■ **What the exercise asks**: Restate word for word the lines below from the one that has "C30 ANPHY Assorted" through the one that has "Google Earth", keeping both and dropping all pictures.

■ **Dataset content**:
────────────────
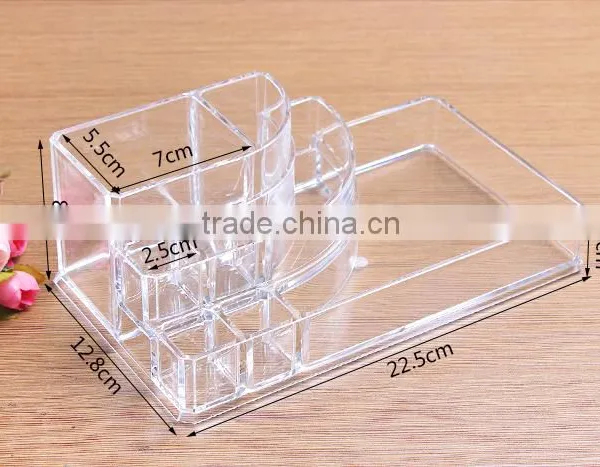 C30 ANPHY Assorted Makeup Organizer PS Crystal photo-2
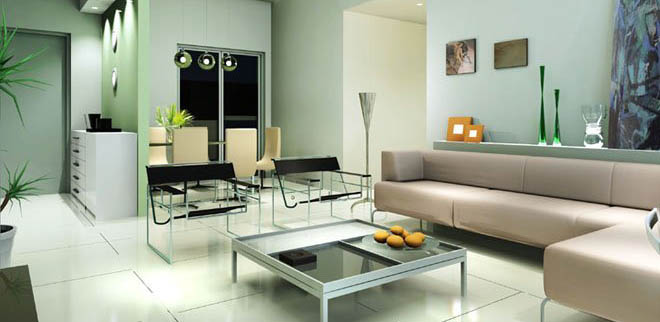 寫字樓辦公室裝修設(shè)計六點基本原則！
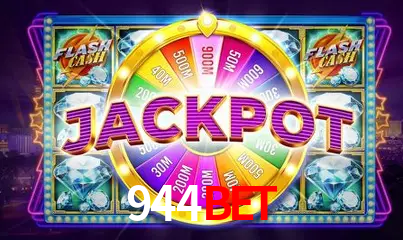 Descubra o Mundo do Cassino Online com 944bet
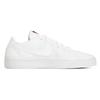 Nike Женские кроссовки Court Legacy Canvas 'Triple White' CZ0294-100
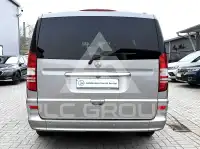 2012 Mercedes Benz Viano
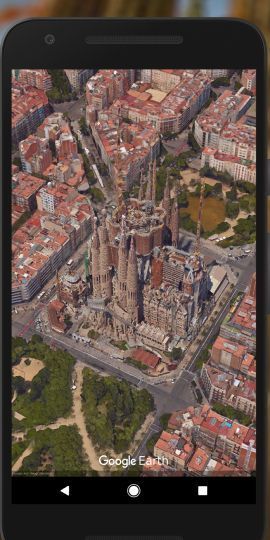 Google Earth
────────────────
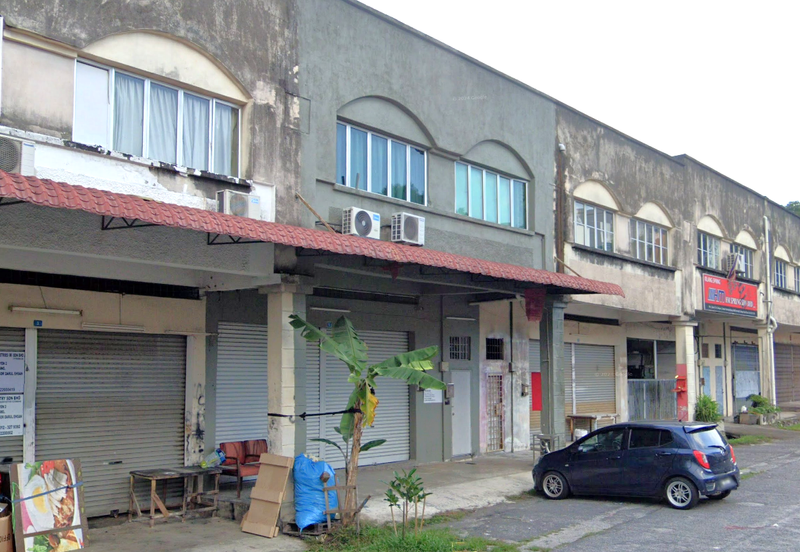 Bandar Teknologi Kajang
────────────────
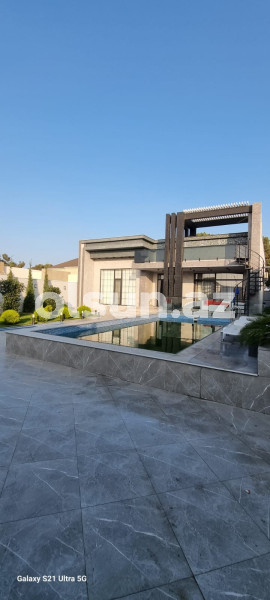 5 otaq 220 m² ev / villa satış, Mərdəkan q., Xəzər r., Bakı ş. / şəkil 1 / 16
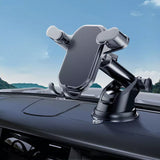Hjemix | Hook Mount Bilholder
────────────────
■ **Task result**:
 C30 ANPHY Assorted Makeup Organizer PS Crystal photo-2
 寫字樓辦公室裝修設(shè)計六點基本原則！
 Descubra o Mundo do Cassino Online com 944bet
 Nike Женские кроссовки Court Legacy Canvas 'Triple White' CZ0294-100
 2012 Mercedes Benz Viano
 Google Earth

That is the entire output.